THE INPUT Block Start

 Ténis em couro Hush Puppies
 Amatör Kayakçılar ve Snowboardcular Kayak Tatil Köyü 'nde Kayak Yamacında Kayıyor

THE INPUT Block End
THE INPUT Block Start

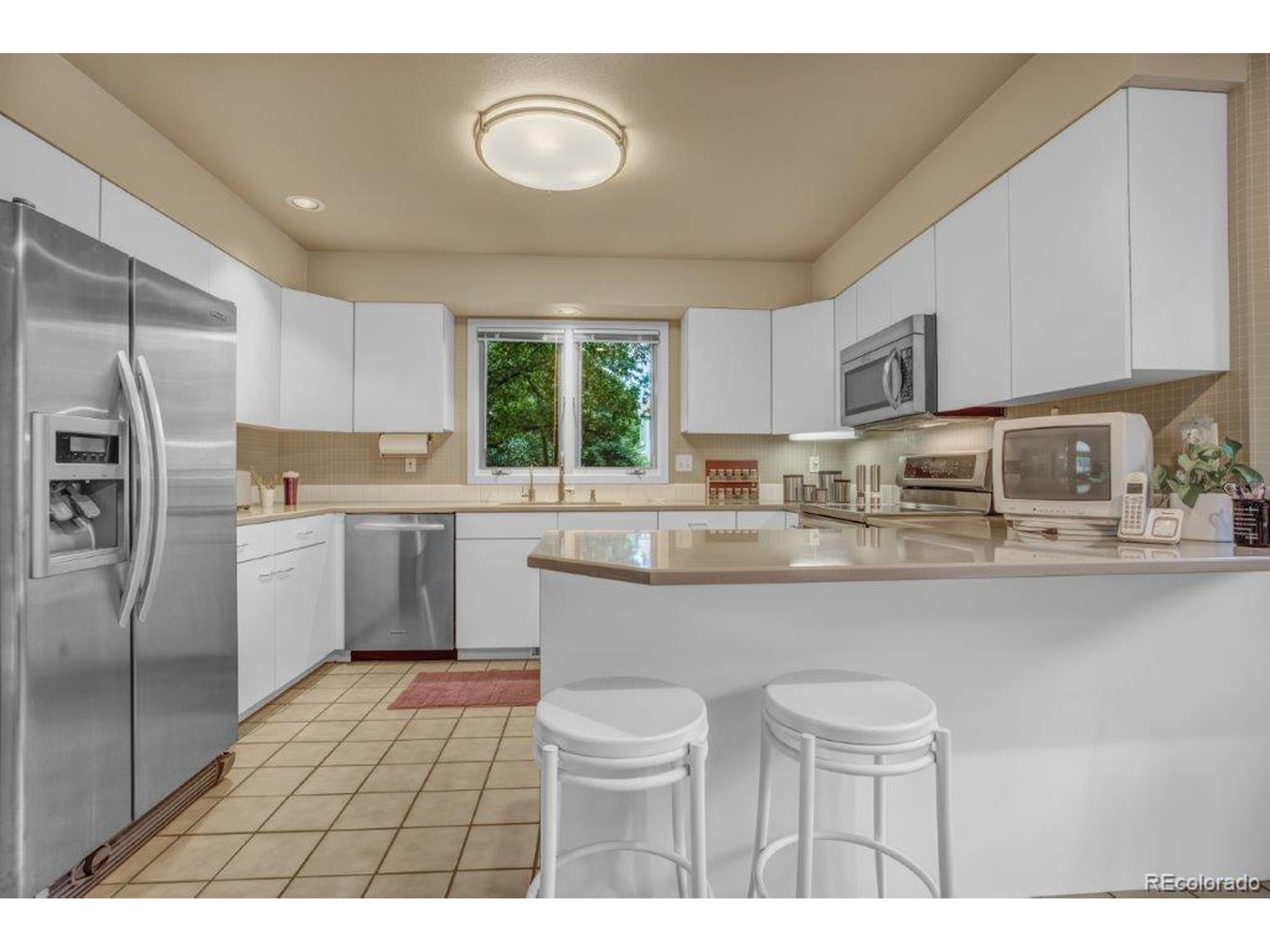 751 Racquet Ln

THE INPUT Block End
THE INPUT Block Start

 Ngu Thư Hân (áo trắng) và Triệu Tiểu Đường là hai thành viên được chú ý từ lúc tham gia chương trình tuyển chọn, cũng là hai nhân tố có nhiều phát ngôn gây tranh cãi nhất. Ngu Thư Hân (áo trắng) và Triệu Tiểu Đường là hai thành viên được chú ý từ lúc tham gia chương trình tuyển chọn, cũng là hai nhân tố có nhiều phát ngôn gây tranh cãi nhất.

THE INPUT Block End

WHAT YOU NEED TO DO: Write out exactly the lines above between the line with "Ténis em couro Hush Puppies" and the line with "Amatör Kayakçılar ve", inclusive, and nothing beyond them.

YOUR SOLUTION:
 Ténis em couro Hush Puppies
 Amatör Kayakçılar ve Snowboardcular Kayak Tatil Köyü 'nde Kayak Yamacında Kayıyor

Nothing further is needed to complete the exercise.